Executing threads on a device
We have seen that, while configuring kernel parameters, we can start multiple blocks and multiple threads in parallel. So, in which order do these blocks and threads start and finish their execution? It is important to know this if we want to use the output of one thread in other threads. To understand this, we have modified the kernel in the hello,CUDA! program we saw in the first chapter, by including a print statement in the kernel call, which prints the block number. The modified code is as follows:
#include <iostream>
#include <stdio.h>
__global__ void myfirstkernel(void)
{
//blockIdx.x gives the block number of current kernel
printf("Hello!!!I'm thread in block: %d\n", blockIdx.x);
}
int main(void)
{
//A kernel call with 16 blocks and 1 thread per block
myfirstkernel << <16,1>> >();
//Function used for waiting for all kernels to finish
cudaDeviceSynchronize();
printf("All threads are finished!\n");
return 0;
}
As can be seen from the code, we are launching a kernel with 16 blocks in parallel with each block having a single thread. In the kernel code, we are printing the block ID of the kernel execution. We can think that 16 copies of the same myfirstkernel start execution in parallel. Each of these copies will have a unique block ID, which can be accessed by the blockIdx.x CUDA directive, and a unique thread ID, which can be accessed by threadIdx.x. These IDs will tell us which block and thread are executing the kernel. When you run the program many times, you will find that, each time, blocks execute in a different order. One sample output can be shown as follows:

One question you should ask is how many different output patterns will the previous program produce? The correct answer is 16! It will produce n factorial number of outputs, where n indicates the number of blocks started in parallel. So, whenever you are writing the program in CUDA, you should be careful that the blocks execute in random order.

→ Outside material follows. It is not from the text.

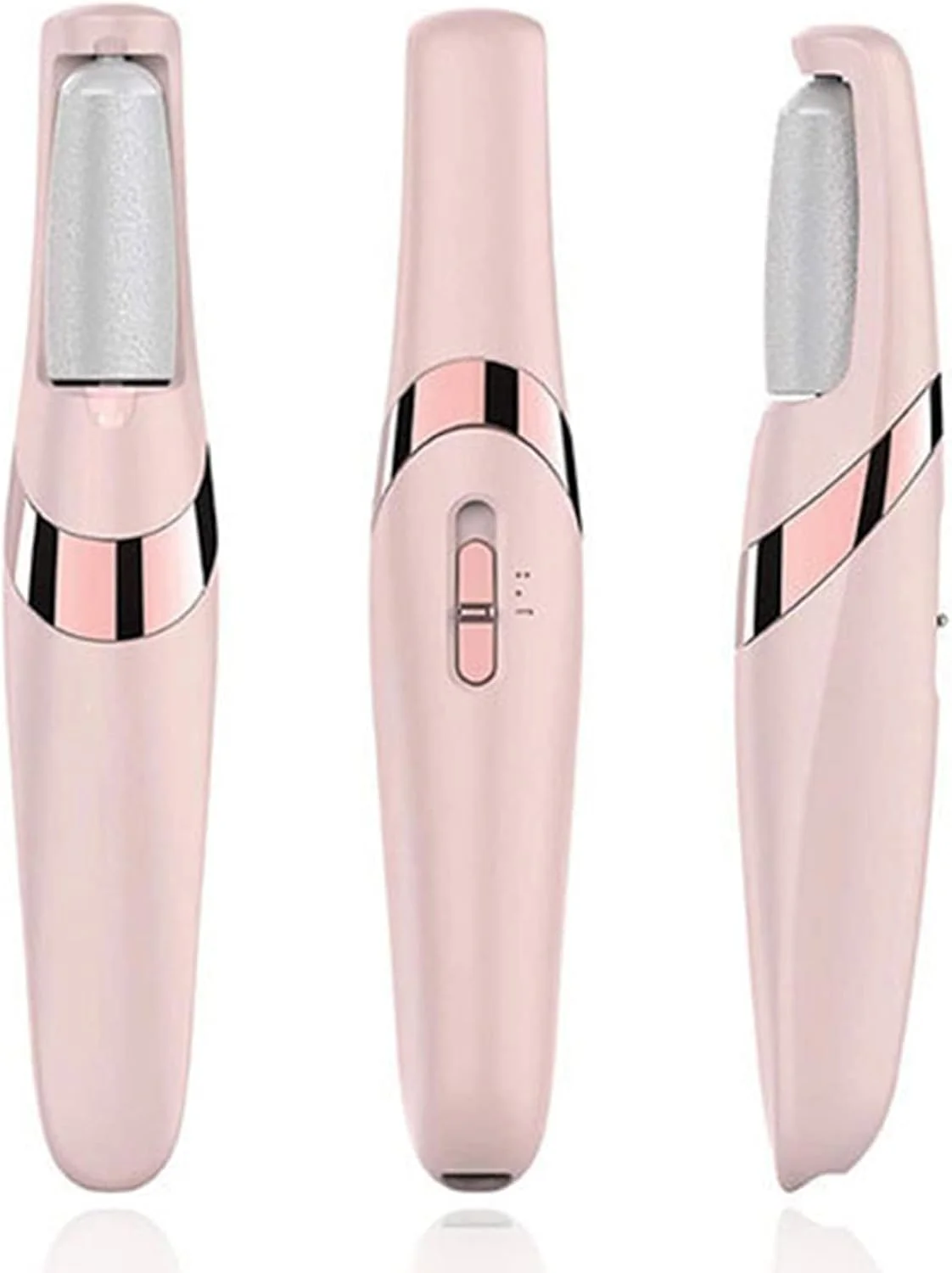 سوهان برقی پدیکور پا Tepengdie، دستگاه ضدآب IPX6، سوهان پا، از بین برنده پوست سفت و پینه پا، دارای 2 سرعت و 2 سری غلتکی برای از بین بردن ترک پاشنه و پینه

This program also contains one more CUDA directive: cudaDeviceSynchronize(). Why is it used? It is used because a kernel launch is an asynchronous process, which means it returns control to the CPU thread immediately after starting up the GPU process before the kernel has finished executing. In the previous code, the next line in CPU thread is print and application exit will terminate console before the kernel has finished execution. So, if we do not include this directive, you will not see any print statements of the kernel execution. The output that is generated later by the kernel has nowhere to go, and you won't see it. To see the outputs generated by the kernel, we will include this directive, which ensures that the kernel finishes before the application is allowed to exit, and the output from the kernel will find a waiting standard output queue.